*** Opening of EXTRACTED RECORDS ***

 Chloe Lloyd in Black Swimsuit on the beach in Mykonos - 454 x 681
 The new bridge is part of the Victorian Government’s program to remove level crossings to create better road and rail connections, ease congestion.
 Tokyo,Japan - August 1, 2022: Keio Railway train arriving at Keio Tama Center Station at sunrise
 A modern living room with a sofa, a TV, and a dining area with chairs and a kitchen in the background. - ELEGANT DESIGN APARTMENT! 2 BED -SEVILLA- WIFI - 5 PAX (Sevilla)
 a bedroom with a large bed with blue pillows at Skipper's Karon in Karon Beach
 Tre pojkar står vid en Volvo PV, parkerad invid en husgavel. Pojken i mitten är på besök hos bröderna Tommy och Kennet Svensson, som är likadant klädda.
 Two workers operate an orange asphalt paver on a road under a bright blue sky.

*** Close of EXTRACTED RECORDS ***
*** Opening of EXTRACTED RECORDS ***

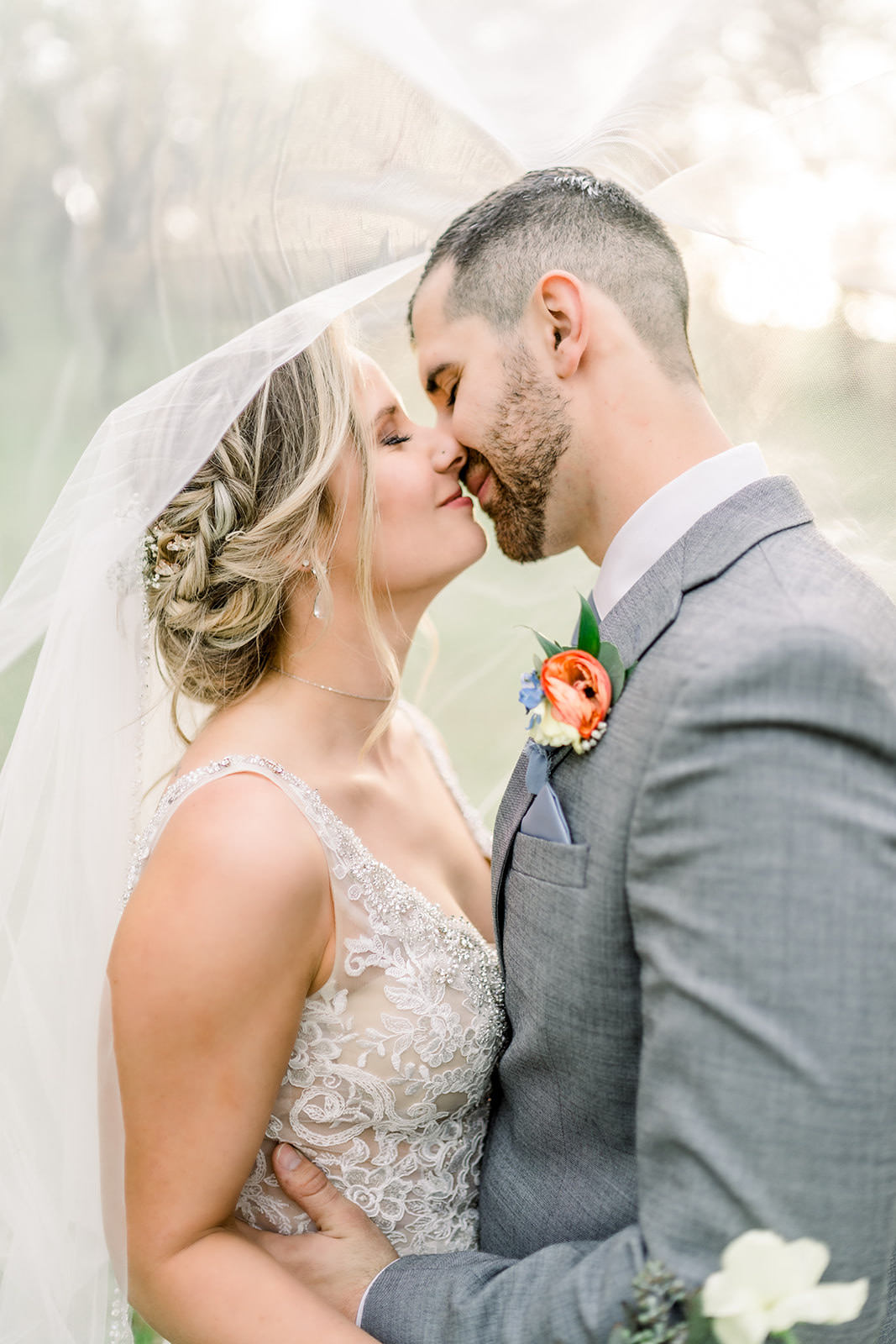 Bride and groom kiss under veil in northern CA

*** Close of EXTRACTED RECORDS ***

PROBLEM TO WORK ON » Among the lines above, repeat exactly those from the line with "Chloe Lloyd in" to the line with "Two workers operate", counting both ends.

EXERCISE RESPONSE »
 Chloe Lloyd in Black Swimsuit on the beach in Mykonos - 454 x 681
 The new bridge is part of the Victorian Government’s program to remove level crossings to create better road and rail connections, ease congestion.
 Tokyo,Japan - August 1, 2022: Keio Railway train arriving at Keio Tama Center Station at sunrise
 A modern living room with a sofa, a TV, and a dining area with chairs and a kitchen in the background. - ELEGANT DESIGN APARTMENT! 2 BED -SEVILLA- WIFI - 5 PAX (Sevilla)
 a bedroom with a large bed with blue pillows at Skipper's Karon in Karon Beach
 Tre pojkar står vid en Volvo PV, parkerad invid en husgavel. Pojken i mitten är på besök hos bröderna Tommy och Kennet Svensson, som är likadant klädda.
 Two workers operate an orange asphalt paver on a road under a bright blue sky.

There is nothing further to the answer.